Semuanya mengalir begitu saja.” tutur Rindy Antika mengenang masa lalunya
Rindy Antika memang belum bercita-cita
menjadi penyanyi ketika anak-anak. Namun, sejak anak-anak, dirinya mulai
menunjukkan talenta sebagai penyanyi. “Waktu kecil saya suka menari dan
menyanyi, “ tuturnya membuka cerita. “Waktu TK saya ikut paduan suara, bersama teman-teman
yang lain. Tapi di rumah, saya juga sering nyanyi-nyanyi sendiri sama karaokean,
dan kebetulan waktu kelas 3 SD itu jaman booming lagu Goyang Inul.”
lanjutnya, “Saya mengikuti goyangan yang ada di DVD juga nyanyinya. Terus orangtua
saya mendaftarkan saya untuk ikut lomba pentas 17-an gerak dan lagu. Saya
menyanyikan lagu Goyang Inul tersebut juga sambil goyang ngebor seperti
yang dilakukan mbak Inul Daratista di video klip tersebut. Saya dapat juara 2.
Setelah itu mungkin orang-orang terutama orangtua saya menlihat saya ada
potensi, saya terus-terusan dilatih bernyanyi di rumah. Kebutulan tetangga bude
saya ada yang punya campursari, laku diikutkan latihan disitu.” pungkasnya
Walau kedua orangtua mengarahkan, tak ada
pemaksaan untuk diikuti putri sulung pasangan Ibu Sutarmi & Bapak Suparman
ini. Rindy Antika sendiri berpikir kalau arahan tersebut bukanlah ambisi orangtua,
melainkan kepedulian orangtua yang melihat bakat buah hati tak boleh mati. Apalagi
kegemaran dan keadaan lingkungan mendukung. Keadaan lingkungan pun dimanfaatkan
oleh Rindy Antika untuk belajar olah vokal secara rapi dan rinci sedari dini.

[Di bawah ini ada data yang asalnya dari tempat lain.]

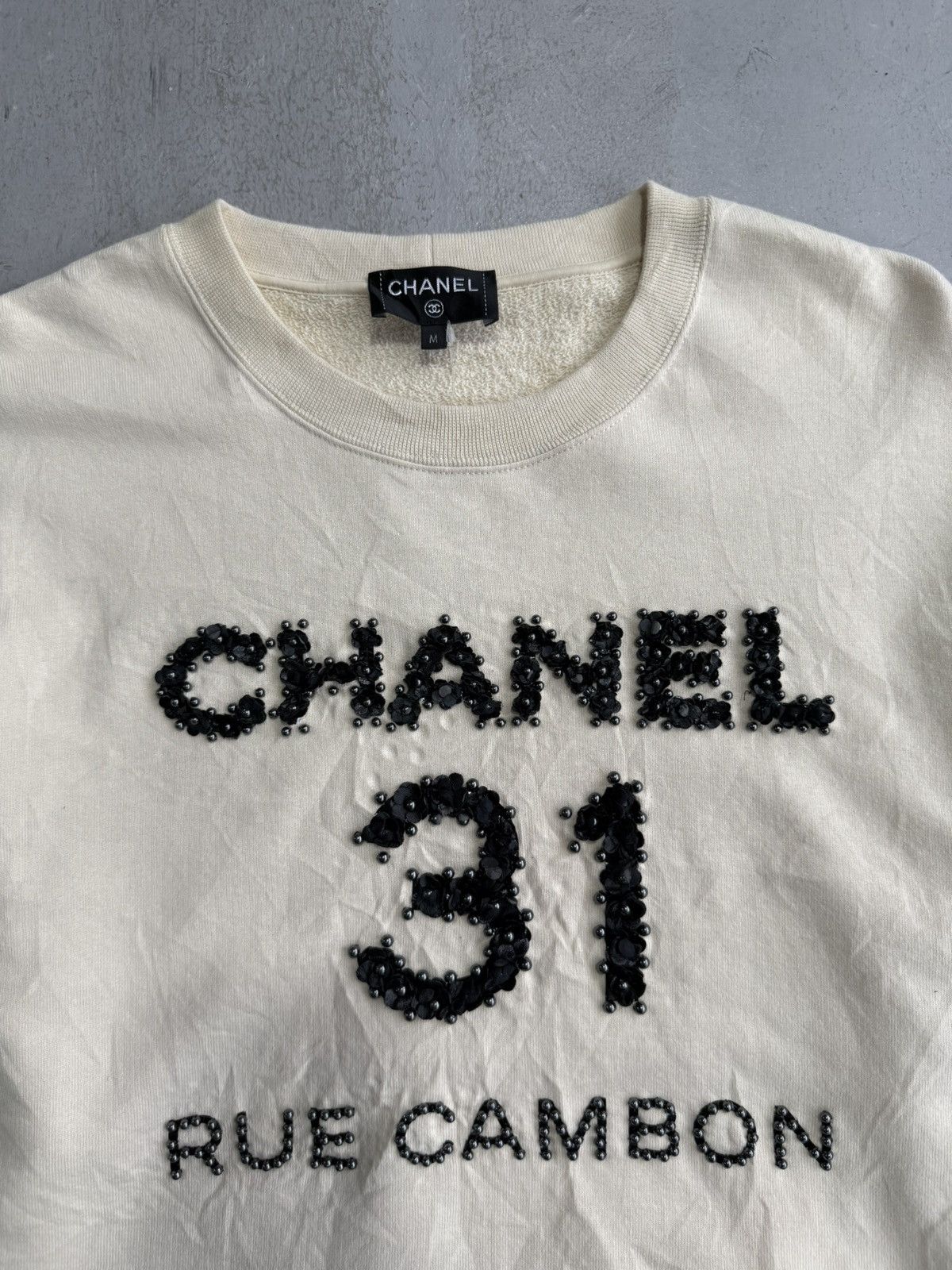 Chanel Chanel - 2020 Rue Cambon 31 Crewneck Size M / US 6-8 / IT 42-44 - 2 Thumbnail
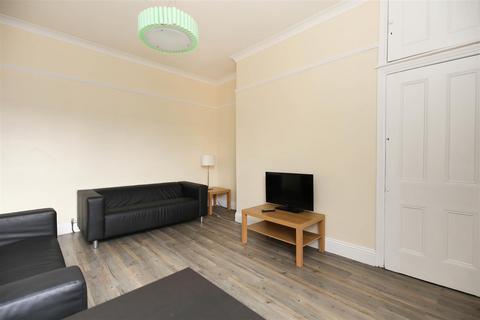 3 bedroom flat to rent, Simonside Terrace, Newcastle Upon Tyne NE6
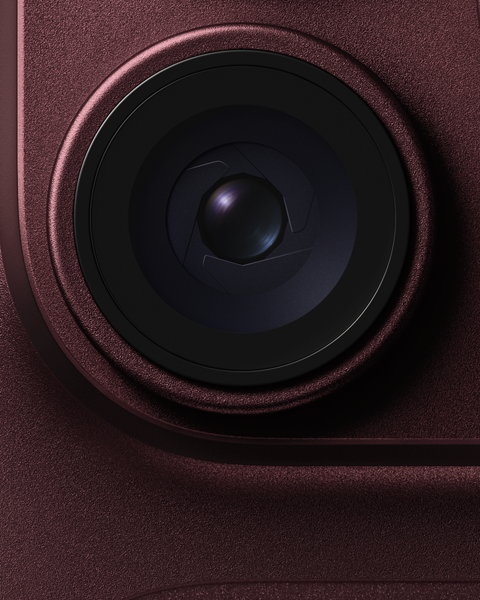 Objectif à ouverture variable de la caméra principale présenté sur un iPhone 18 Pro bordeaux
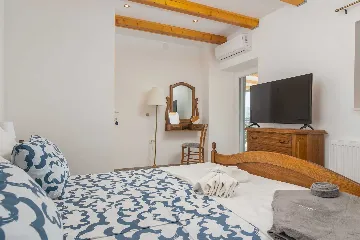 Holiday House in Kladnjice with Heated Private Pool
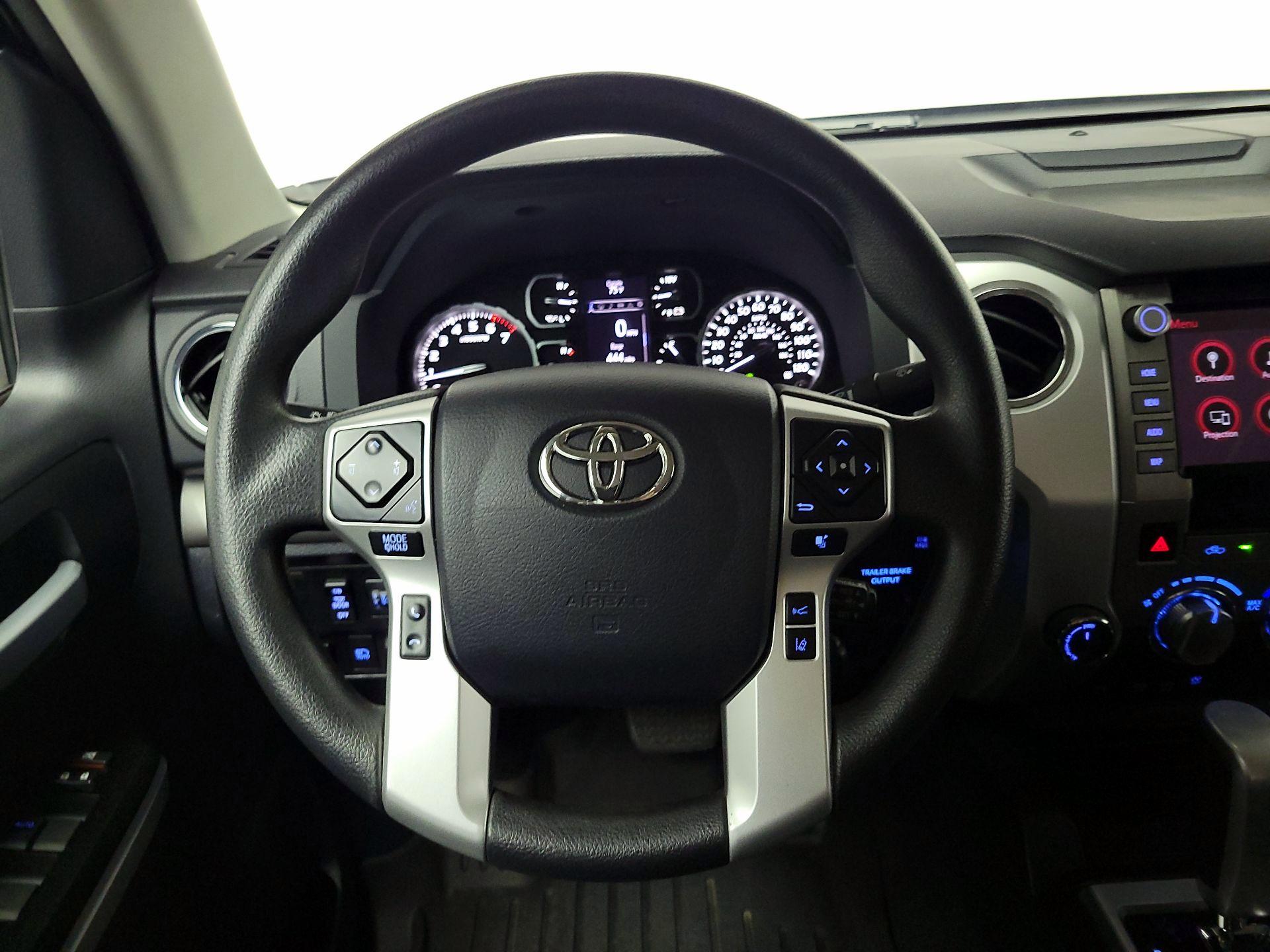 Thumbnail: 2020 Toyota Tundra - 10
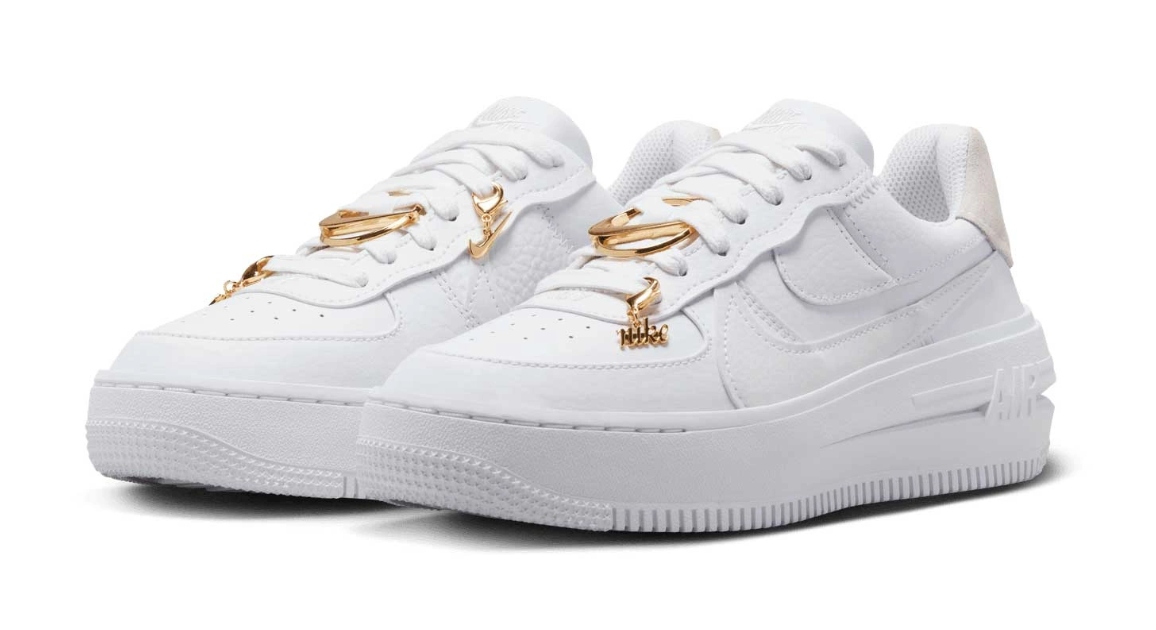 Dámské boty Nike Air Force 1 bílé Platform FB8473-100 velikost 44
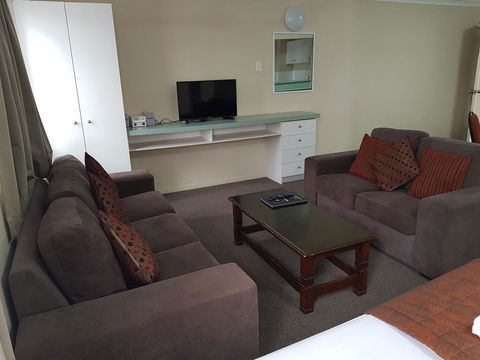 Southport Motel & Apartments - Accommodation NT 9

Dukungan sepenuhnya, baik secara psikis,
teknis, maupun ekonomis, dirasakan oleh Rindy Antika. Wajar jika dirinya gembira
melakukannya. Kegembiraan yang turut membahagiakan orangtua tentunya. Rindy
Antika tak lelah belajar mengolah vokal sesuai jenis suara yang dimiliki agar berpadu
apik dengan alunan nada yang mengiringi. Dirinya terus mengelaborasi pita suaranya
maupun beragam bunyi alat musik agar kelak bisa menyajikan pertunjukan prima ketika
menjadi penyanyi. Apalagi dirinya mulai merasakan manfaat finansial
sebagai penyanyi.
“Sering latihan lama-lama player-nya
juga mengajak saya bernyanyi di pentas, “ ungkap Rindy Antika, “Pertama saya
bayaran nyanyi di kelas 3/4 SD Rp10.000. Karena saya tau bernyanyi bisa
menghasilkan uang, saya jadi semangat untuk latihan bernyanyi dan menghafal
lagu. Karena dulu katanya semakin banyak lagu yang saya bisa semakin banyak
juga uang yang kudapatkan. Ibaratnya bisa 10 lagu = Rp10.000, bisa 50 lagu = Rp50.000.”
pungkasnya
Selain memanfaatkan bakat suara dan titian
yang ditatakan orangtua, Rindy Antika juga menyadari modal lain yang dimiliki, ialah
daya tarik fisik. Wajah cantik dan badan estetik menjadi sisi yang turut digali
untuk menyajikan gerakan badan yang apik dan enerhik. Rindy Antika mengerti bahwa
modal ini sama pentingnya dengan modal ekonomi, sosial, dan budaya
Dukungan orangtua dan usaha yang
dilakukan Rindy Antika kian diperkuat dengan pendidikan formal. Tak hanya
berlatih autodidak dan mengikuti sangar campursari yang dikelola tetangga bu
dhe nya, Rindy Antika belakangan memilih untuk menimba ilmu seni secara formal.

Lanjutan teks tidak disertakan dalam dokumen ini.